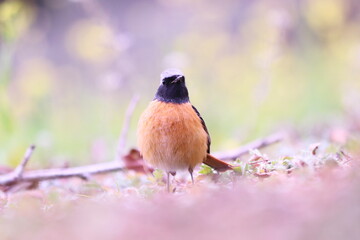 菜の花の黄色い背景とジョウビタキ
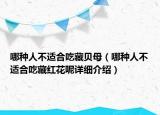 哪种人不适合吃藏贝母（哪种人不适合吃藏红花呢详细介绍）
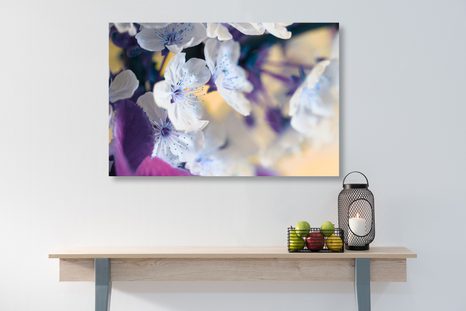 OBRAZ KWITNĄCA GAŁĄZKA WIŚNI - OBRAZY - 🔥 TOTALNA WYPRZEDAŻ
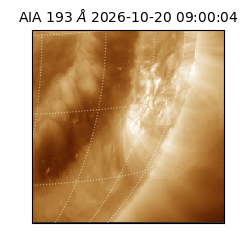 saia - 2026-10-20T09:00:04.842000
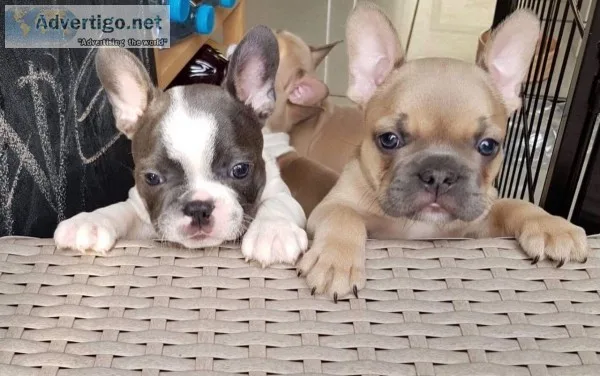Amazing french bulldog puppys, kc reg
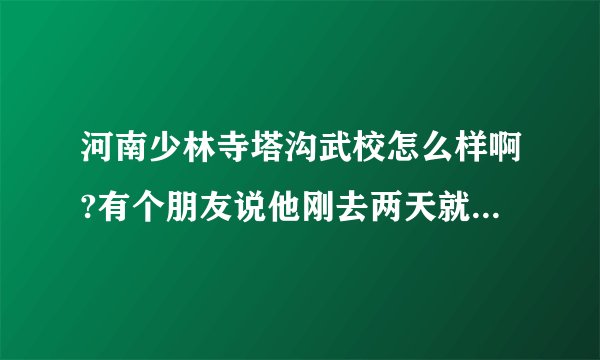 河南少林寺塔沟武校怎么样啊?有个朋友说他刚去两天就要回来了?说学不着真东西？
####
**YOUR GOAL**
Give the data above back unchanged, except for the pictures.

**RESPONSE TO THIS EXERCISE**
 菜の花の黄色い背景とジョウビタキ
 哪种人不适合吃藏贝母（哪种人不适合吃藏红花呢详细介绍）
 OBRAZ KWITNĄCA GAŁĄZKA WIŚNI - OBRAZY - 🔥 TOTALNA WYPRZEDAŻ
 saia - 2026-10-20T09:00:04.842000
Amazing french bulldog puppys, kc reg
 河南少林寺塔沟武校怎么样啊?有个朋友说他刚去两天就要回来了?说学不着真东西？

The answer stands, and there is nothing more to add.